134: Robin Hood and the Beggar, II

From Folkopedia
Revision as of 09:49, 23 January 2009 by Steve Gardham (talk | contribs) (New page: Child’s published version is a collation of a modern (eighteenth century) printed Newcastle version republished by Ritson in 1795 in his famous ‘Robin Hood’ collection of ballads, a...)
(diff) ← Older revision | Latest revision (diff) | Newer revision → (diff)
Jump to navigation Jump to search

Child’s published version is a collation of a modern (eighteenth century) printed Newcastle version republished by Ritson in 1795 in his famous ‘Robin Hood’ collection of ballads, and an Aberdeen stall copy printed by Alexander Keith c1810-1835. Motherwell in his ‘Ancient Minstrelsy’ claims to have seen ‘pretty early stall copies…at Aberdeen and Glasgow’ but I doubt this as the language in the two extant versions is very modern, mid-eighteenth century at the earliest.
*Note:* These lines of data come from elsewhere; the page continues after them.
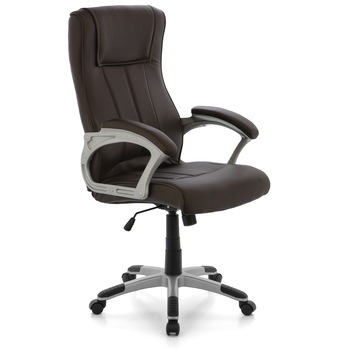 Scaun birou ergonomic Kring Franklin Fit, PU, Maro Scaun birou ergonomic Kring Franklin Fit, PU, Maro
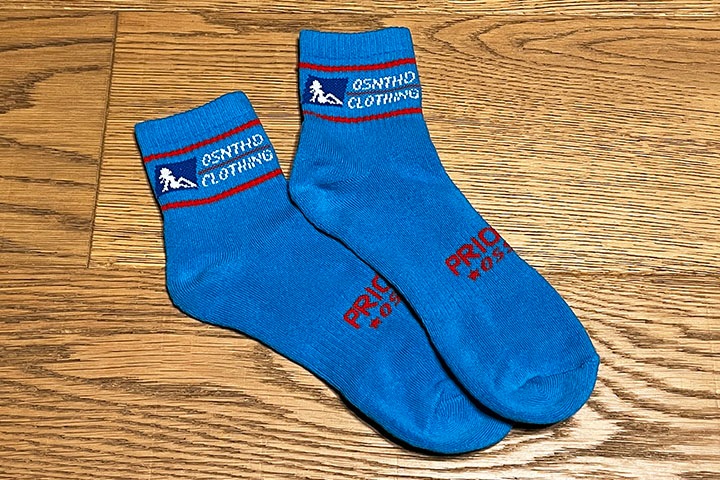 OSSANTHEHOOD socks (postal) 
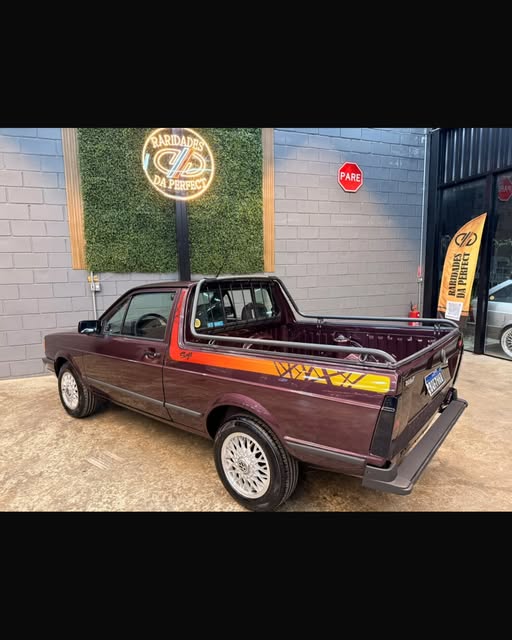 VOLKSWAGEN SAVEIRO SUNSET 1.8S - Imagem 16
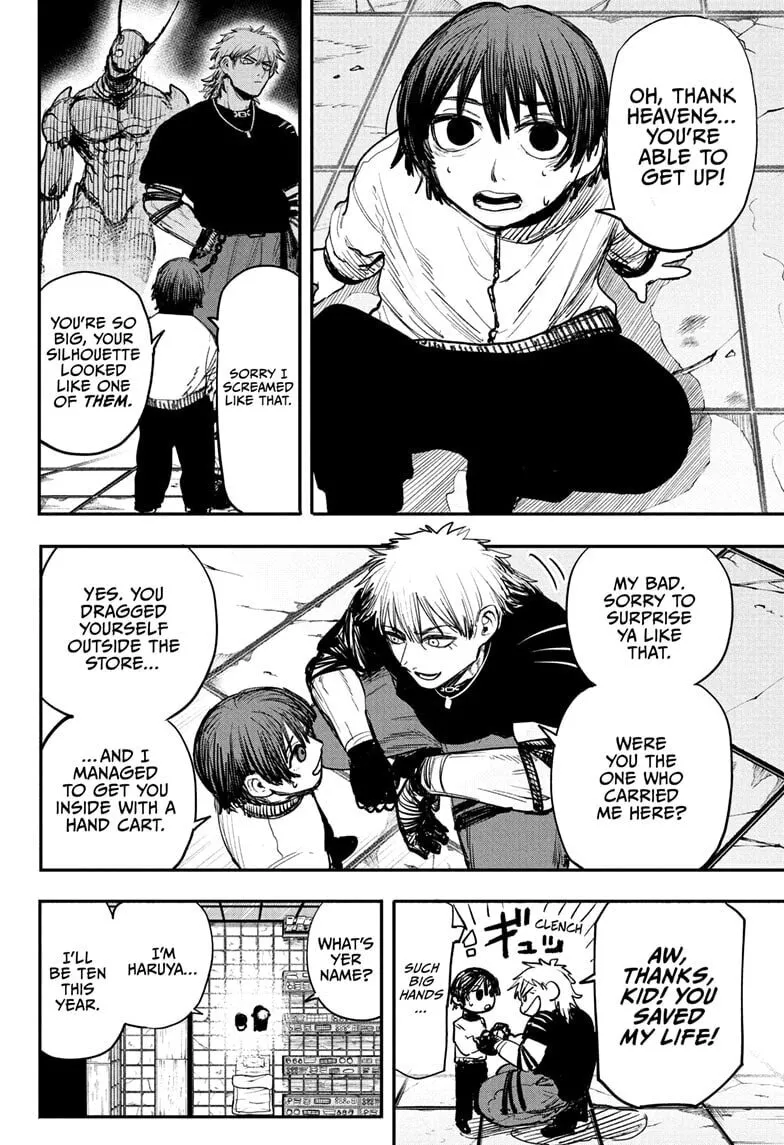 Read Alien Headbutt (EN) Manga Online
Ritson states ‘This poem, a north country (or,perhaps, Scotish) composition of some antiquity, is given from a modern copy printed at Newcastle, where the editor accidentally picked it up: no other having, to his knowledge, been ever seen or heard of. –The original title is, “A pretty dialogue betwixt Robin Hood and a beggar”.’ The story may be ancient but I very much doubt the ballad is.

Child had a high opinion of it, backing up Ritson’s statement and adding, ‘This is by far the best of the RH ballads of the secondary, so to speak cyclic, period’. Calling it part of the ‘’secondary cyclic period’ would seem to contradict the ‘ancient’ description. One would perhaps expect a professor of literature to prefer this ballad to some of the more basic ones, but it is its very polished nature that suggests to me a quite recent composition by a literary hand, perhaps an acquaintance of Alexander Keith, or even Ritson himself? Other factors which have formed my opinion on this ballad are the precise stress and metre, the attention to alliteration and the over-complex plot.

Bronson prints the Blaikie tune with this title, from the Paisley region, and surmises it ought to be applied to 134, as 133 already has the 125/126 tune. He gives no other versions and it is not known in oral tradition.